O almeno così sarebbe dovuto essere.
Sempre più ci rendiamo conto quanto in ogni singolo episodio l’azione vera, il mettersi in moto degli eventi, passi inesorabilmente dalle donne, le uniche e vere protagoniste del racconto. Che siano Serena, June, Janine o chi per loro il mondo gira perché una donna lo spinge. In un verso o nell’altro. Così il ritorno a casa di Fred non è altro che la stasi dopo l’azione.
È lui in chiusura di puntata a mettere sul piatto il vinile che introduce la malinconica voce di Penny Goodwin. Eppure, questo suo ritorno, questo riappropriarsi del potere porta con sé il senso di una sconfitta. È il suo rango, il suo status di pater familias, marito-padrone, già di per sé a legittimarlo nel ruolo. E ciononostante l’unico modo che ha per opporsi all’iniziativa di Serena è tramite la violenza. “Una volta qualcuno ha detto: gli uomini hanno paura che le donne ridano di loro. Le donne hanno paura che gli uomini le uccidano”.
La prevaricazione sembra essere l’unico reale elemento di vantaggio e mezzo di affermazione dell’uomo sulla donna.
Il potere del primo sulla seconda non è altro allora che prodotto perverso di una logica di sopraffazione. Ce ne rendiamo ulteriormente conto quando scopriamo che di fronte alla bravura di una dottoressa, luminare nel suo campo, anche il potere maschilista di Gilead si sgretola.
Tutto muove per femminea mano, delicata ma ferma. June pressa Serena che a sua volta persuade Naomi, la madre adottiva, ad acconsentire affinché Janine veda il bambino. Sempre per tramite di Serena la dottoressa, ormai Marta, ha la possibilità di tornare a rivestire i vecchi abiti, di riappropriarsi della sua dignità di scienziata. Di donna in donna l’azione si mette in moto senza sosta mentre, inerti e sciancati gli uomini stanno a guardare.
A loro rimane nient’altro che la violenza brutale di Fred e le urla rabbiose di Nick o la rassegnata accondiscendenza di Warren, marito di Naomi. Ancora da una donna, Janine, passerà il miracolo dell’episodio, il ritorno alla vita, quasi che anche fisicamente, visceralmente, la naturale salute del bambino venga compromessa dalla follia malata delle brutture di Gilead. La salvezza, di contro, si lega allora al ritorno allo “stato di natura”. Al rapporto sano tra una madre e la sua bambina. Un legame innato e semplicissimo come una ninnananna sussurrata dolcemente all’orecchio.

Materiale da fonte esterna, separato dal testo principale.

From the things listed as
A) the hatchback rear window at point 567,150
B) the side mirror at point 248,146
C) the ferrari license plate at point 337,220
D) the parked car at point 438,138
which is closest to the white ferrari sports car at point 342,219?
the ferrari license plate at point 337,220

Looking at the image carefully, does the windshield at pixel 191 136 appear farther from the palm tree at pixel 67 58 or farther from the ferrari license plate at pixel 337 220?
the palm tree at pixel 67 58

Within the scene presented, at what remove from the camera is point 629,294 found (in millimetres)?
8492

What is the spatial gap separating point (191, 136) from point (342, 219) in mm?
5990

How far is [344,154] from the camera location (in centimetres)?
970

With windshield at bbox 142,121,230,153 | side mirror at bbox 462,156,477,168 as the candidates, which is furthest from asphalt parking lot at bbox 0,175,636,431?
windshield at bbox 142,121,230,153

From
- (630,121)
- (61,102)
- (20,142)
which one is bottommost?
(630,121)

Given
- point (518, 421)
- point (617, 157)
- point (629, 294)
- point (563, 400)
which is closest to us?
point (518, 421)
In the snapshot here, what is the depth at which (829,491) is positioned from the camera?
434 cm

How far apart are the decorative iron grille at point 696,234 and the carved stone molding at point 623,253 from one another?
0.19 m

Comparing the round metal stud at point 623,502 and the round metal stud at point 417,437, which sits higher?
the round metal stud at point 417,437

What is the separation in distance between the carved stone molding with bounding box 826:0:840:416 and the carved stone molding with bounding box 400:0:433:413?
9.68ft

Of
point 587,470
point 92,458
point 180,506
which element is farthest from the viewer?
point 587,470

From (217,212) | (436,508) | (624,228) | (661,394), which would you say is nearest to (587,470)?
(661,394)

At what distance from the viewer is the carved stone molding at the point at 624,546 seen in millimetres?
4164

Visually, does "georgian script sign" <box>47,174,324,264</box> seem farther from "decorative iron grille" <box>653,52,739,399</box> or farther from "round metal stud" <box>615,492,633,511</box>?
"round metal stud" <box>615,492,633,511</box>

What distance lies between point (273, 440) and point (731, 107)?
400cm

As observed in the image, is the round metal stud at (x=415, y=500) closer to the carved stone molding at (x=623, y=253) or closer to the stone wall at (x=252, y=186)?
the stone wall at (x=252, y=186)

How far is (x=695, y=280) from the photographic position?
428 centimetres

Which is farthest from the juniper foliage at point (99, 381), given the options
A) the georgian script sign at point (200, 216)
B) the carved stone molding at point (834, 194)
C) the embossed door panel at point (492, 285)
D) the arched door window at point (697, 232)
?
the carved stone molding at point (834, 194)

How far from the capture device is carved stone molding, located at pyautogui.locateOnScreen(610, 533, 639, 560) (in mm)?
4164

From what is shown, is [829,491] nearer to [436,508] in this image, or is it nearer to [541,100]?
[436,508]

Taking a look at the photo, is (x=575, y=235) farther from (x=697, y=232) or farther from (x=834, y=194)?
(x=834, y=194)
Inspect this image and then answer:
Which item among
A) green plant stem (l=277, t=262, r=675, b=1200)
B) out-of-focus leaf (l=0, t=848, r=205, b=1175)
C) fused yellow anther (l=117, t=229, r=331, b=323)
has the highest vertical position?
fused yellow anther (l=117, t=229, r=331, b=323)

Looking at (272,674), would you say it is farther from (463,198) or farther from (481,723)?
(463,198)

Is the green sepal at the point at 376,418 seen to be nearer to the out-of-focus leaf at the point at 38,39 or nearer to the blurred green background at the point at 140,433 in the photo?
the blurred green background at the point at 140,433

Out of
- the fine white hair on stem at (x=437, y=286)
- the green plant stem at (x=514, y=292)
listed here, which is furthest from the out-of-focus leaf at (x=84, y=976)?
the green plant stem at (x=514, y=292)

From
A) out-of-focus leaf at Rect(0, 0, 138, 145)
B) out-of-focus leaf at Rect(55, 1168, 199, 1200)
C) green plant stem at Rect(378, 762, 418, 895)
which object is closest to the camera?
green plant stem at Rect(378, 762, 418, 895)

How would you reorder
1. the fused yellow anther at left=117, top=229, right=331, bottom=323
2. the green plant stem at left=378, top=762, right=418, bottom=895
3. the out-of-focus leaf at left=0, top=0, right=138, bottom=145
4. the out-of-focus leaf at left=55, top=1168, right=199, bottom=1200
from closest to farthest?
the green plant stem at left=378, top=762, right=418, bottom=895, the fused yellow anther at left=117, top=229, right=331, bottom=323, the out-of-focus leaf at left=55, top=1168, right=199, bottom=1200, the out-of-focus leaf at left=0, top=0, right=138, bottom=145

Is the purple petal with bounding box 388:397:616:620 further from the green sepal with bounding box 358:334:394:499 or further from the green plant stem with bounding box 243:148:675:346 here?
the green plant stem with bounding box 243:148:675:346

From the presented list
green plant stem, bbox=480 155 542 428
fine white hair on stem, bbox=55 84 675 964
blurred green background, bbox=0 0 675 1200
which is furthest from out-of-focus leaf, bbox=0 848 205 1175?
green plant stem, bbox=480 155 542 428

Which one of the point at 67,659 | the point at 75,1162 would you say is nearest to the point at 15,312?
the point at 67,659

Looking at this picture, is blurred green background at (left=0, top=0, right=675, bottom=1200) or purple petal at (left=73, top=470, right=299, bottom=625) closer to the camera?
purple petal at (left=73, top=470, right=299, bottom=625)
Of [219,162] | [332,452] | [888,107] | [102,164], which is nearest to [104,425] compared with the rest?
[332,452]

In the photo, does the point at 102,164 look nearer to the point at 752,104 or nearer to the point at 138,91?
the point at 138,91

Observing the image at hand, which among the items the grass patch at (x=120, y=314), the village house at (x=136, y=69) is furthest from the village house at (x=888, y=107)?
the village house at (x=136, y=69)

The Handmaid’s Tale ci regala donne che reagiscono, che lottano, che si impongono con fermezza, che riacquistano la dignità di esseri umani e madri, lavoratrici e leader.

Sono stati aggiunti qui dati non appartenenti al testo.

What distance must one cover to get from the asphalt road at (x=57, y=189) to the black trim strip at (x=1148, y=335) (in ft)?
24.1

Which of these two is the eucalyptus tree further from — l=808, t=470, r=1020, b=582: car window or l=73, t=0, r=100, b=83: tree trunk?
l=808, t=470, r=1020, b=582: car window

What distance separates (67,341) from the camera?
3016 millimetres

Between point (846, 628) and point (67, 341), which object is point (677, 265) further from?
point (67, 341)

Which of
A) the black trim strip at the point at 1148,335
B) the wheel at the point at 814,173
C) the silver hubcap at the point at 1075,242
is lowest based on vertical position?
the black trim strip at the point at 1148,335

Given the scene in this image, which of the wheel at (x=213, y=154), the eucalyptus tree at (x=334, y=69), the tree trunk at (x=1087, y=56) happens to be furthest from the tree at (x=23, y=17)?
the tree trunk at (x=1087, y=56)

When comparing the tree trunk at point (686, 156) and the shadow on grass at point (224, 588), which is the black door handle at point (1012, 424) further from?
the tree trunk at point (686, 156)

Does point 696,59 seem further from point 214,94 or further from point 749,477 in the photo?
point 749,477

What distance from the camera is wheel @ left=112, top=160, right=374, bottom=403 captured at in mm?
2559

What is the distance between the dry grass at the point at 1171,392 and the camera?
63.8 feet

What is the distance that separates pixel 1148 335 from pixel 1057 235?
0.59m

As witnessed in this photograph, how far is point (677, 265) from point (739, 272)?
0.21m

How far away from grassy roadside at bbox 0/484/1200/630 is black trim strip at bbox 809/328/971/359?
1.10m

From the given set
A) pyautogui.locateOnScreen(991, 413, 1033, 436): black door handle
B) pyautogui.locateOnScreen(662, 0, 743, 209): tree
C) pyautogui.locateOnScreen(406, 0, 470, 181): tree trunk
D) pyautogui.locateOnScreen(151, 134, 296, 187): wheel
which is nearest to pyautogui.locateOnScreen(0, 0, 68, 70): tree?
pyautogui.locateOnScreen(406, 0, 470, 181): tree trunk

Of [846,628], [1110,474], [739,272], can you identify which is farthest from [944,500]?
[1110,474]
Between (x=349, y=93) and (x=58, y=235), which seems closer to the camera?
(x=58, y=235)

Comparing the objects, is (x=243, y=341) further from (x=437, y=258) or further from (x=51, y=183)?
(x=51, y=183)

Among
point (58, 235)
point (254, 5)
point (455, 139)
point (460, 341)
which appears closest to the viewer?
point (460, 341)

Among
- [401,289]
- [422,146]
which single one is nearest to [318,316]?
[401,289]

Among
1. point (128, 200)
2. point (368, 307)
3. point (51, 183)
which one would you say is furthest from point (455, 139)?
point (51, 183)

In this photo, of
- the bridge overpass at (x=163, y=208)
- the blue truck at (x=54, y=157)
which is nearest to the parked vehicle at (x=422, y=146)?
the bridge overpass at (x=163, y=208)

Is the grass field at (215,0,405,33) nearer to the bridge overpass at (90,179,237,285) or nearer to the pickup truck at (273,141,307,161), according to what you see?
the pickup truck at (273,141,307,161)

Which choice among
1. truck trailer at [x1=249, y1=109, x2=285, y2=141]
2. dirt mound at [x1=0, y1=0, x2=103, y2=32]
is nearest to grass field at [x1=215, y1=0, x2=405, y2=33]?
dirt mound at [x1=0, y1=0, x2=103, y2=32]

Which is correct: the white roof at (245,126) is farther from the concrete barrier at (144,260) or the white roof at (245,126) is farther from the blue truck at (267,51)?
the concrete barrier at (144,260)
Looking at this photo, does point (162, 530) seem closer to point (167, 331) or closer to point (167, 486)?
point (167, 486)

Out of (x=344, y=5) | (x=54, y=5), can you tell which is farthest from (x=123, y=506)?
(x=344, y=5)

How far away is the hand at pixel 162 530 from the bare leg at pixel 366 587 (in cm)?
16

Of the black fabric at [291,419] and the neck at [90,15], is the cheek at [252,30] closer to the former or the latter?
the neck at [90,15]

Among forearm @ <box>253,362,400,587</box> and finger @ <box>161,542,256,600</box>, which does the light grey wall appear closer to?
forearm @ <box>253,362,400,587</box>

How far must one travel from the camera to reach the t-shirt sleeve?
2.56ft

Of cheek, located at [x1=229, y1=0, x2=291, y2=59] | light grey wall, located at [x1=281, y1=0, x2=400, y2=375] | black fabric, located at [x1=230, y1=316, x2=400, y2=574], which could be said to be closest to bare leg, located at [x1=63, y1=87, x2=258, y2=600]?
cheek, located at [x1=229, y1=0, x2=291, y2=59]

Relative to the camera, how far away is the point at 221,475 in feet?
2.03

Tutte unite da un sottile, quasi impalpabile legame che correndo tra le pieghe di un mondo grigio trova sempre il modo di manifestarsi. Così tra Serena e June si genera l’inesprimibile coesione del sentirsi complici, dello scoprirsi sorelle. Un rapporto quasi simbiotico ben rappresentato dalla vibrante sofferenza di June per il dolore fisico che Fred imprime su Serena.
“Pensavo ci fossero ancora dei luoghi segreti nascosti tra le crepe e le spaccature di questo mondo. Luoghi che avremmo potuto rendere belli, pacifici, tranquilli, sicuri”. La speranza di June, l’illusione di un istante lascia posto al ritorno alla realtà, alla durezza di una vita le cui crepe non sono altro che false speranze. Perché se Gilead mostra le contraddizioni e le debolezze di un regime assurdo, la semplicità disarmante con cui uomini inetti riescono a soggiogare le protagoniste di The Handmaid’s Tale sembra non poter ammettere altro esito.

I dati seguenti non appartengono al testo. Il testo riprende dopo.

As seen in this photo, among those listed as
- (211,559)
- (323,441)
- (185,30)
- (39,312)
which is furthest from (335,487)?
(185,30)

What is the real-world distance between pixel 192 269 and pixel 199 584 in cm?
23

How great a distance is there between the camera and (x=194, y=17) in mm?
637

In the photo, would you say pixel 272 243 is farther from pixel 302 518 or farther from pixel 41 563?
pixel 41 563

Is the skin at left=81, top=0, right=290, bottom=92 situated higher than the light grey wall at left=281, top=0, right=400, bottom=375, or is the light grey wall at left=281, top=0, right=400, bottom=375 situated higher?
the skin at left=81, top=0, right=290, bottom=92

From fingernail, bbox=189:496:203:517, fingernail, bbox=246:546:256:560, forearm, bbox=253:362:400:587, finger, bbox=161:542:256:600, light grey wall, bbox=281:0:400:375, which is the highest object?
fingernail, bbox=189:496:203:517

Fred ha in mano il vinile. Nonostante non sia interprete di quella musica è lui che la controlla, che ne gestisce il ritmo e l’avvio. La musica di Fred è la melodia di una June “incagliata nella pioggia”, che “sogna i suoi sogni invano” e “perde più di quanto ci guadagni”. La penna, il simbolo della rivolta pacifica, l’innesco a un’esplosione femminile, viene riposta diligentemente. Serena è accompagnata fuori dalla stanza. La canzone di Lionel Richie non ha ragione di imprimere l’aria con la sua sconclusionata leggerezza. Non è ancora tempo in The Handmaid’s Tale per “sentirsi leggero come una Domenica mattina”. Non ancora.